Sometimes it's cheaper, too. My 28.8K link is perfect for my research, but were I planning to launch any commercial enterprise this bandwidth would prove wholly insufficient. The next step up in bandwidth is quite expensive by comparison. Corporations looking for exposure on the Web or who want their files made available through FTP are usually best served, at least to start, by purchasing space and services from Internet providers. The provider that maintains my link, FastLane Communications in Hurst, Texas, is typical. FastLane not only sells Internet links to those who want to set up their own machines. They also provide services, everything from storage space to HTML authoring, to clients who want to supply content and let someone else worry about its delivery. FastLane, like many providers, relies on a loose-knit association of specialists to service its clients.
Those with an inventor's patience and a boundless drive to acquire new knowledge will find setting up an Internet server to be an exciting exercise. In the burgeoning electronic universe, as elsewhere, there are those who draw pleasure from consuming, and those who enthusiastically create that which is consumed. If you fall in the latter category, I'll be providing information in coming columns which may help you along your way.

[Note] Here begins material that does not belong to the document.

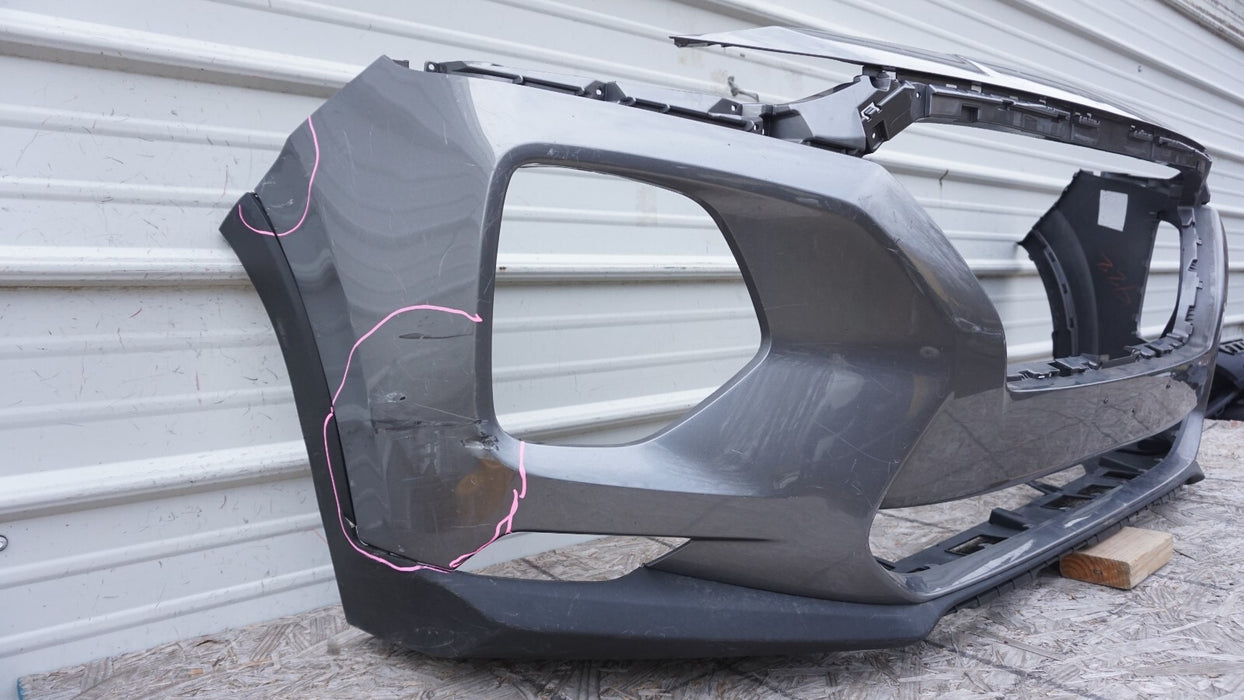 2019-2020 HYUNDAI SANTA FE FRONT BUMPER COVER OEM 19 20 86511-S2000
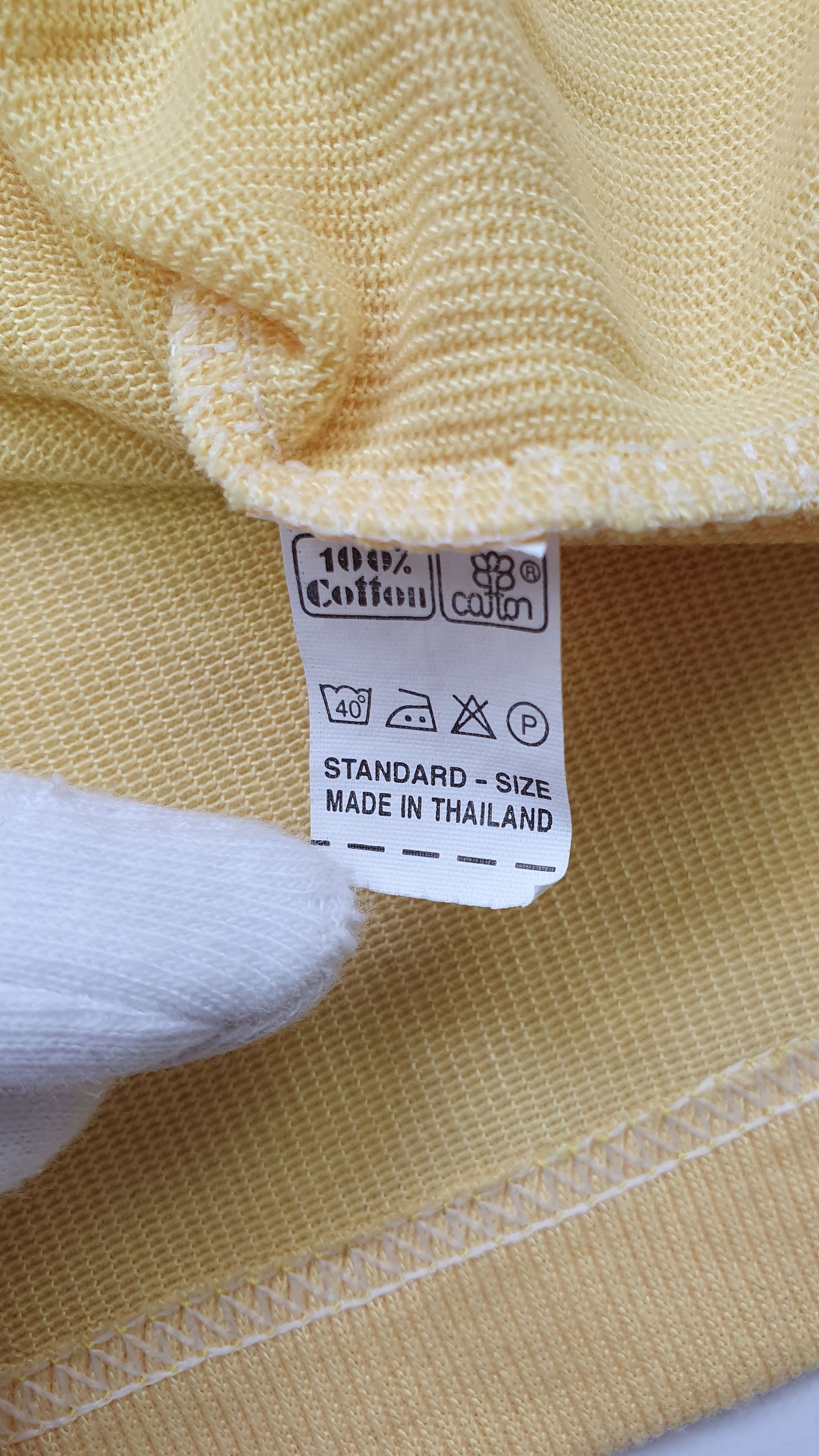 Ferrari × Formula 1 Rare 1995 FERRARI Yellow Polo shirt very soft fabrics Size US L / EU 52-54 / 3 - 9 Thumbnail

Through the beneficence of my editor, Becca Thomas, I'm resuming the ``PC-Unix Connection'' column that ran during 1994 in Open Computing print magazine. I'm extremely pleased to be invited to participate in UnixWorld Online. I'm confident that--through this medium--I'll be able to reach a unique core of bright and involved readers. As always, I'm interested in your comments. Send mail to email@example.com.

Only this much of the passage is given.